The course introduces students to some of the most important Machine Learning predictive models such as regularization methods, tree-based methods, Support Vector Machines and Neural Networks, that can potentially contribute to empirical economics. For each topic will we outline its structure, discuss its pros and cons, and focus attention on the issues associated to its empirical application to several economic problems using the software R.

Course contents

Module 2

1. Regularization methods: Ridge regression, the LASSO, Elastic Net
2. Tree-based methods: Bagging, Random Forests, Boosting, Ensemble Methods
3. Support Vector Machines in regression and classification tasks
4. Neural Networks, with applications to numeric and textual data

James, Witten, Hastie and Tibshirani, An Introduction to Statistical Learning, Springer 2021 (second edition).

Teaching methods

For each topic we will first introduce the relevant theory, and then move as soon as possible to its empirical application in the R language.
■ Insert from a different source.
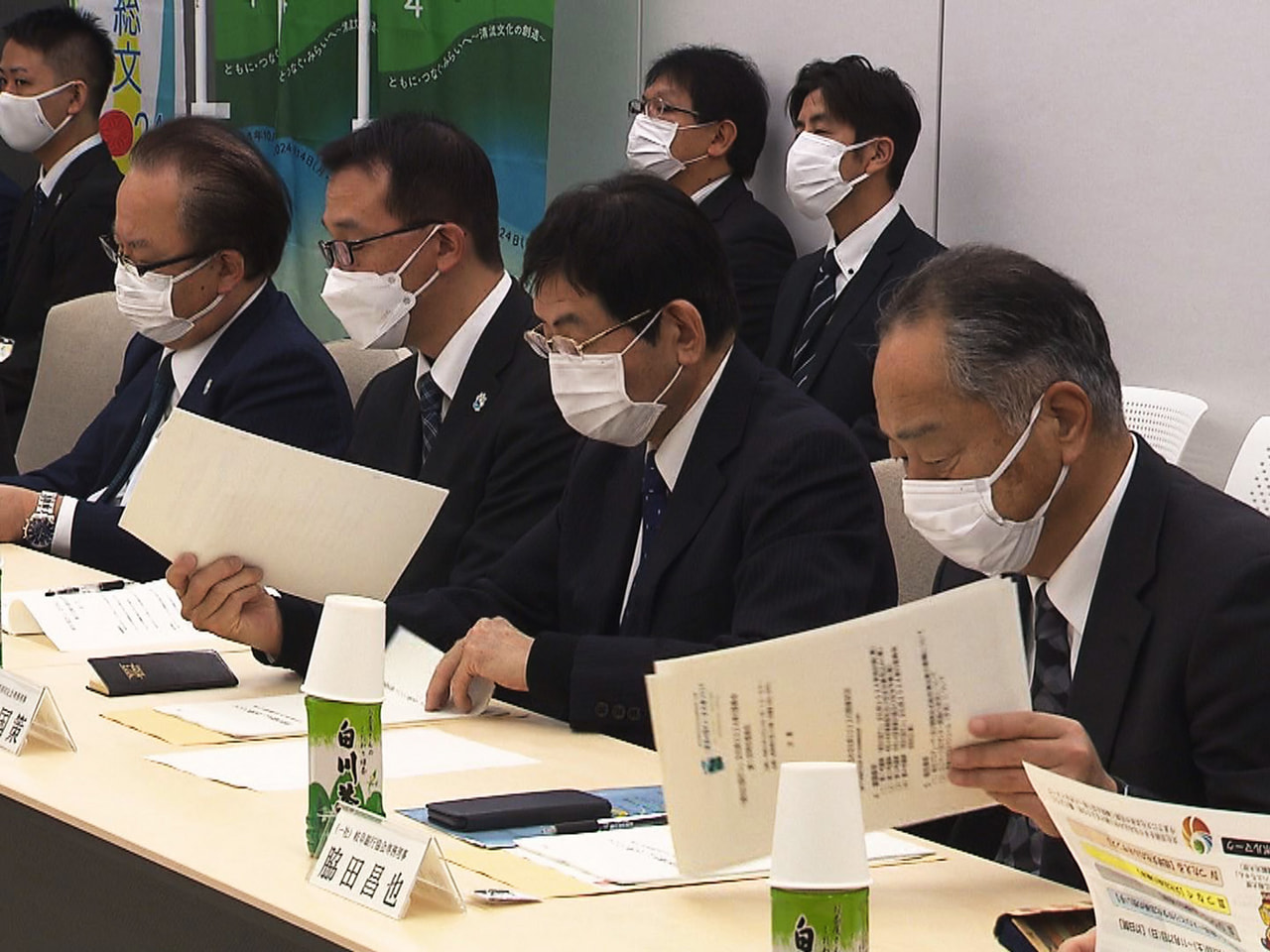 岐阜県の「清流の国ぎふ」文化祭2024実行委員会は20日、常任委員会を開き、来年...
Special emphasis will be placed on the economic interpretation and relevance of the results. Attending classes is important especially to learn the empirical topics of the course.

Assessment methods

The exam is joint with Module 1.

The exam tests the ability to apply the methods learnt to simulated or real data, using R, the acquired knowledge of the theoretical concepts and the ability to interpret estimation results in the light of the underlying theory.

The exam consists of a group project plus discussion.

The structure of the final project should be the following:

1. Data description and motivation

- Motivation. State your final objective: outcome, predictors, ...

- Explore the data. Tools: plots, PCA, clustering

2. Setup and assess a prediction model

- Prediction. Setup and assess forecasting models

- Tools. Linear/logistic regression, Discriminant analysis, KNN, PCR, PLS, stepwise selection, regularization methods (Ridge, LASSO, Elastic Net, ...), splines, trees, SVM, NN, ...

3. Data

- Use your own data and provide it (during the course we will illustrate several interesting data repositories on the Web: Kaggle, UCI Machine Learning, and others)

- Data must allow exploration and prediction

- Data don’t need to be huge!

4. Tools:

- You should use the most important tools from class (not all)

- Make sure the data and your goals are compatible

- Work in groups of 3 to 5 students. Let the instructors know the groups’ composition as soon as possible

- The final project must be handed in 5 days before the discussion, including: (i) The data in a format easily readable by R, (ii) The R code that reads the data, does the computations and outputs the results; (iii) The pdf document that illustrates the project.

- The file must contain at most 20 pages including tables and figures.

5. Assessment:

- The final project assessment will take into account the difficulty posed by data cleaning and preparation

- The final project assessment will weight the project assessment and the oral discussion.

- The maximum possible score is 30 cum laude. The grade is graduated as follows:

<18 failed
18-23 sufficient
24-27 good
28-30 very good
30 e lode excellent